WHAT YOU NEED TO DO — Below are several entries. Transcribe exactly those lines that fall from the one with "Picture of Livetarget" through the one with "Charles | MI News)", end lines included.

INPUT FOR THIS TASK —
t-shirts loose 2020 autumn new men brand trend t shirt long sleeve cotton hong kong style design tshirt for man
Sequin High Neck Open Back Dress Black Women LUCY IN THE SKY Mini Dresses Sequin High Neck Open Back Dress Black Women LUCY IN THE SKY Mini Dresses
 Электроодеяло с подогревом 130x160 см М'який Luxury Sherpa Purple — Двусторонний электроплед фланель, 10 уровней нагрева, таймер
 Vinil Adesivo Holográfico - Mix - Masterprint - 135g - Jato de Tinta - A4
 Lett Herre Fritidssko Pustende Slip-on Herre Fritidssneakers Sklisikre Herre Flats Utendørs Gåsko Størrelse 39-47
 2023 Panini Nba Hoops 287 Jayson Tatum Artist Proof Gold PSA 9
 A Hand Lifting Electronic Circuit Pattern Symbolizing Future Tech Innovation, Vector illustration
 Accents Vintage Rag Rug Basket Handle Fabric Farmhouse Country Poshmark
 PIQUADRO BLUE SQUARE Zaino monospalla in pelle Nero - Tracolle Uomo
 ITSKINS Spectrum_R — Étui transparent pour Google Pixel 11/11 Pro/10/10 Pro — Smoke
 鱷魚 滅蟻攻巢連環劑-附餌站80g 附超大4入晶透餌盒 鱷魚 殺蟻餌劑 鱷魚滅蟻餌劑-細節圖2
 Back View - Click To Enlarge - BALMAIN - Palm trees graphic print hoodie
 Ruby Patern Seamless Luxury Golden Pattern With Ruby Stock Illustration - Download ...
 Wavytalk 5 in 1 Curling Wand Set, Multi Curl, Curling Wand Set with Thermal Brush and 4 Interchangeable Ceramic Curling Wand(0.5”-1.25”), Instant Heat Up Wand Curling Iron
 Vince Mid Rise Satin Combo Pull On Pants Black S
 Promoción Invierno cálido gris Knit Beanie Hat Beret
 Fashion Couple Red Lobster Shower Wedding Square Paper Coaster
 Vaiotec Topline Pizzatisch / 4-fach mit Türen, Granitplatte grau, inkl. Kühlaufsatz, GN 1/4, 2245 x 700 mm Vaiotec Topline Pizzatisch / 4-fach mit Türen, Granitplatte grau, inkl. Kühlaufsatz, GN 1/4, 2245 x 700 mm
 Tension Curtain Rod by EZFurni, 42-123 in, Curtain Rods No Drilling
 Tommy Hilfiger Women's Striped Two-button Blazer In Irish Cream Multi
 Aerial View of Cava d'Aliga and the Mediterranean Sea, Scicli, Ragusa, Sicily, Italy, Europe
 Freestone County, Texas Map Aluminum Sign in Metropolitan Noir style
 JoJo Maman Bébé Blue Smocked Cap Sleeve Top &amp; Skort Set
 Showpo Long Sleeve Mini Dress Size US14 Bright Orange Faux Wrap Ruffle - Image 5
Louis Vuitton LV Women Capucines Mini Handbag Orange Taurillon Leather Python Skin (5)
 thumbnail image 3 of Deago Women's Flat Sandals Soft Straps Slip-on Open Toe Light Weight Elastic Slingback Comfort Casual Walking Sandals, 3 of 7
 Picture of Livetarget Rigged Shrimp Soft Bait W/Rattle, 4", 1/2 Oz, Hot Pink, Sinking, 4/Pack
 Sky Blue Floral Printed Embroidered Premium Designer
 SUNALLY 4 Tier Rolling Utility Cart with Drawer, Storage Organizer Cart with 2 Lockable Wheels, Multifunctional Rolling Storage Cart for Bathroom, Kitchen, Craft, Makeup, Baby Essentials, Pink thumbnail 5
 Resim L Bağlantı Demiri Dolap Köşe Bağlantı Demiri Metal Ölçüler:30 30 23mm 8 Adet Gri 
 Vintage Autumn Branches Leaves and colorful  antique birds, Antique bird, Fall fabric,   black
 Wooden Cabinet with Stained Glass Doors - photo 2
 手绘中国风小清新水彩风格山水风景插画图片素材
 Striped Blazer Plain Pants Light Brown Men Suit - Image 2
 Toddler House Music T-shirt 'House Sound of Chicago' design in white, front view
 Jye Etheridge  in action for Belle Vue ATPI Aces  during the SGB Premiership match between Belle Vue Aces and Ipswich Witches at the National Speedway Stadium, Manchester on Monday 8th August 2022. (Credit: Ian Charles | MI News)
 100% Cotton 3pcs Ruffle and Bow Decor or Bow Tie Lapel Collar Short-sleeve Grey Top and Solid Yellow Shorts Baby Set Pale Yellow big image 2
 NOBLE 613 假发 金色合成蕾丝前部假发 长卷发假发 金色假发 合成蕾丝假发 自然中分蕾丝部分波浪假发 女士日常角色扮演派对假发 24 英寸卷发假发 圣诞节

ANSWER TO THIS PROBLEM —
 Picture of Livetarget Rigged Shrimp Soft Bait W/Rattle, 4", 1/2 Oz, Hot Pink, Sinking, 4/Pack
 Sky Blue Floral Printed Embroidered Premium Designer
 SUNALLY 4 Tier Rolling Utility Cart with Drawer, Storage Organizer Cart with 2 Lockable Wheels, Multifunctional Rolling Storage Cart for Bathroom, Kitchen, Craft, Makeup, Baby Essentials, Pink thumbnail 5
 Resim L Bağlantı Demiri Dolap Köşe Bağlantı Demiri Metal Ölçüler:30 30 23mm 8 Adet Gri 
 Vintage Autumn Branches Leaves and colorful  antique birds, Antique bird, Fall fabric,   black
 Wooden Cabinet with Stained Glass Doors - photo 2
 手绘中国风小清新水彩风格山水风景插画图片素材
 Striped Blazer Plain Pants Light Brown Men Suit - Image 2
 Toddler House Music T-shirt 'House Sound of Chicago' design in white, front view
 Jye Etheridge  in action for Belle Vue ATPI Aces  during the SGB Premiership match between Belle Vue Aces and Ipswich Witches at the National Speedway Stadium, Manchester on Monday 8th August 2022. (Credit: Ian Charles | MI News)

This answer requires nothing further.